(Work to complete) If a line below falls between the line with "Adele Bloch Bauer" and the line with "中大儿童新年风红色加绒连帽两件套女童秋冬季新款时髦拜年服套装 商品图2", or is one of those two, output it exactly; output nothing else and no pictures.

(Supplied material)
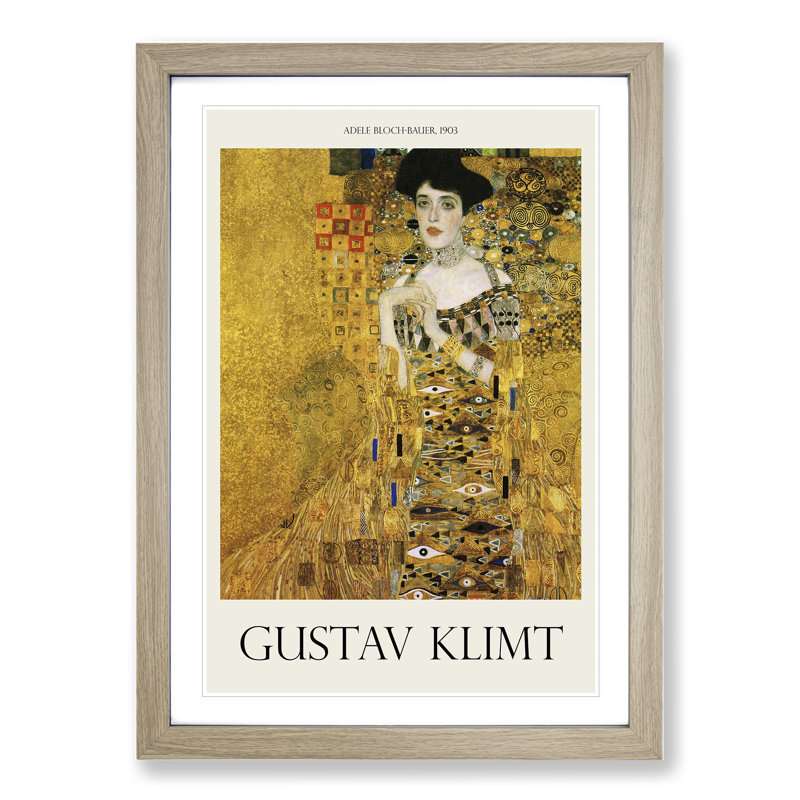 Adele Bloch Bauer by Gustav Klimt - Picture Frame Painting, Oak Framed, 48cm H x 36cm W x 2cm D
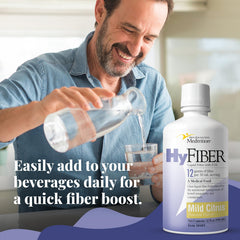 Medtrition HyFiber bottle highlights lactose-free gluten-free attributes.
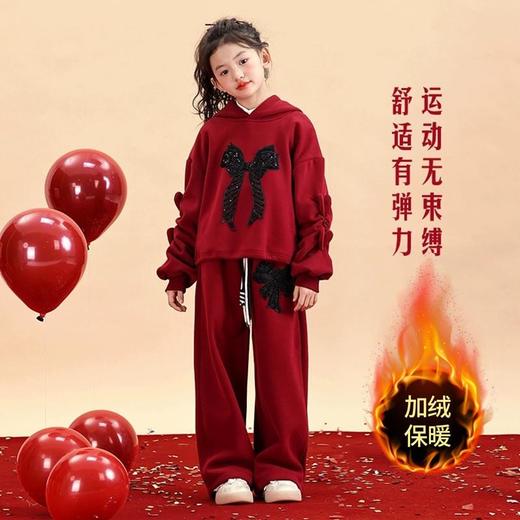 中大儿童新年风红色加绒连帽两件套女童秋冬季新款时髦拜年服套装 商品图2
* * *
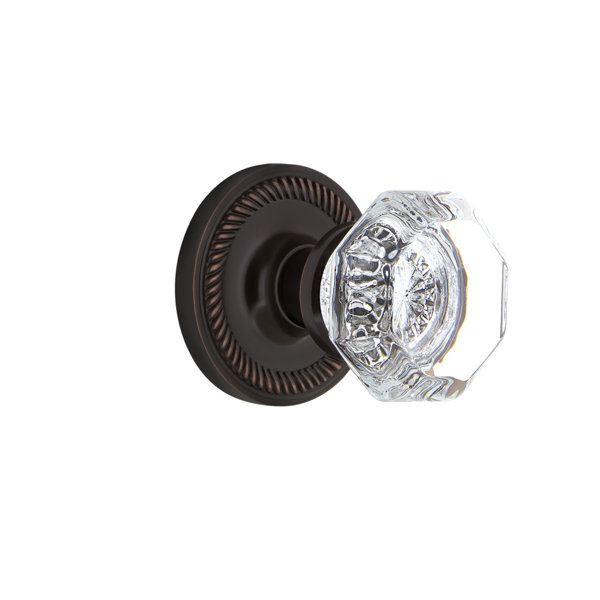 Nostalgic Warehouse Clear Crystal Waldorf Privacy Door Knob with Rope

(Response to this task)
 Adele Bloch Bauer by Gustav Klimt - Picture Frame Painting, Oak Framed, 48cm H x 36cm W x 2cm D
 Medtrition HyFiber bottle highlights lactose-free gluten-free attributes.
 中大儿童新年风红色加绒连帽两件套女童秋冬季新款时髦拜年服套装 商品图2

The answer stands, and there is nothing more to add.